Reception of Transpersonal psychology in the surrounding culture reflects a wide range of views and opinions, including severe skepticism. Ernest Hilgard, representing the contemporary psychology of the early 1980s, regarded transpersonal psychology as a fringe movement that attracted the more extreme followers of Humanistic psychology. He did however remark that such movements might enrich the topics that psychologists study, even though most psychologists choose not to join the movement. Adams also regarded Transpersonal psychology as a fringe discipline. He also observed its status as a controversial field of study.

Eugene Taylor, representing the field of Humanistic Psychology, presented a balanced review of transpersonal psychology in the early nineties. On the negative side he mentioned transpersonal Psychology's tendency toward being "philosophically naive, poorly financed, at times almost anti-intellectual, and frequently overrated as far as its influences". On the positive side he noted the fields "integrated approach to understanding the phenomenology of scientific method"; the "centrality of qualitative research"; and the "importance of interdisciplinary communication". In conclusion he suggested that the virtues of transpersonal psychology may, in the end, "outweigh its defects". In a later article Taylor regarded transpersonal psychology as a visionary American folk-psychology with little historical relation to American academic psychology, except through its association with Humanistic psychology and the categories of transcendence and consciousness.

Although transpersonal psychology has experienced some minor recognition from the surrounding culture, it faces a fair amount of skepticism and criticism from the same surroundings.

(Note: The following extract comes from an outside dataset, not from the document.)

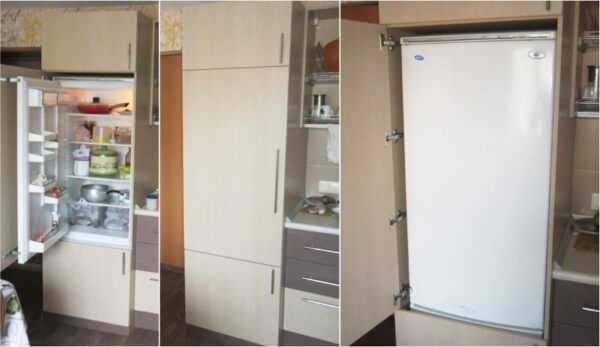 Как сделать шкаф для встроенного холодильника и обычного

Freeman mentions that the early field of transpersonal psychology was aware of the possibility that it would be rejected by the scientific community. Its method of inner empiricism, "based on disciplined introspection", was to be a target of skepticism from outsiders in the years to come. Several commentators have mentioned the controversial aspects of transpersonal psychology. Zdenek noted that the field was regarded as "controversial since its inception". Other commentators, such as Friedman, and Adams, also mention the controversial status of the field. Adams also remarked that the field has struggled for "recognition as a legitimate field of study" in academia. This aspect was also noticed by Parsons, who observed that Transpersonal psychology's "naive perennialism, misreading of religious texts, lack of methodological sophistication, weak epistemology, and, some would claim, promotion of narcissistic self-absorption" had not been well received by the majority of academics. Commenting on the state of the field in the mid-nineties Chinen noted that professional publications, until then, had been hesitant to publish articles that dealt with transpersonal subjects. 

In 1998 the San Francisco Chronicle reported on the holistic studies program at the John F. Kennedy University in Orinda, which included a transpersonal psychology department. The program was considered to be unique at the time, but also controversial. Commentators presented their skepticism towards the program. Another contentious aspect concerns the topic of psychedelic substances. Commenting upon the controversial status of psychedelic and entheogenic substances in contemporary culture, authors Elmer, MacDonald & Friedman observe that these drugs have been used for therapeutic effect in the transpersonal movement, but - the authors add - this is not the most "common form of transpersonal intervention"  in contemporary therapy. However, Bravo and Grob note that "the place of psychedelics in spiritual practice remains controversial". 

Ruzek, who interviewed founders of transpersonal psychology, as well as historians of American psychology, found that the field of Transpersonal psychology had made little impact on the larger field of psychology in America. Among the factors that contributed to this situation was mainstream psychology's "resistance to spiritual and philosophical ideas", and the tendency of Transpersonal psychologists to isolate themselves from the larger context.

One of the earliest criticisms of transpersonal psychology was leveled by the humanistic psychologist Rollo May, who "disputed the conceptual foundations of transpersonal psychology". May also criticized the field for neglecting the personal dimension of the psyche by elevating the pursuit of the transcendental, and for neglecting the "dark side of human nature". 

According to Lukoff and Lu the American Psychological Association expressed some concerns about the "unscientific" nature of transpersonal psychology at the time of the petition to the APA (see above). Rowan notes that the Association had serious reservations about opening up a Transpersonal Psychology Division. The petitions for divisional status failed to win the majority of votes in the APA council, and the division was never established. Commentators also mention that transpersonal psychology's association with the ideas of religion was one of the concerns that prohibited it from becoming a separate division of the APA at the time of the petition in 1984.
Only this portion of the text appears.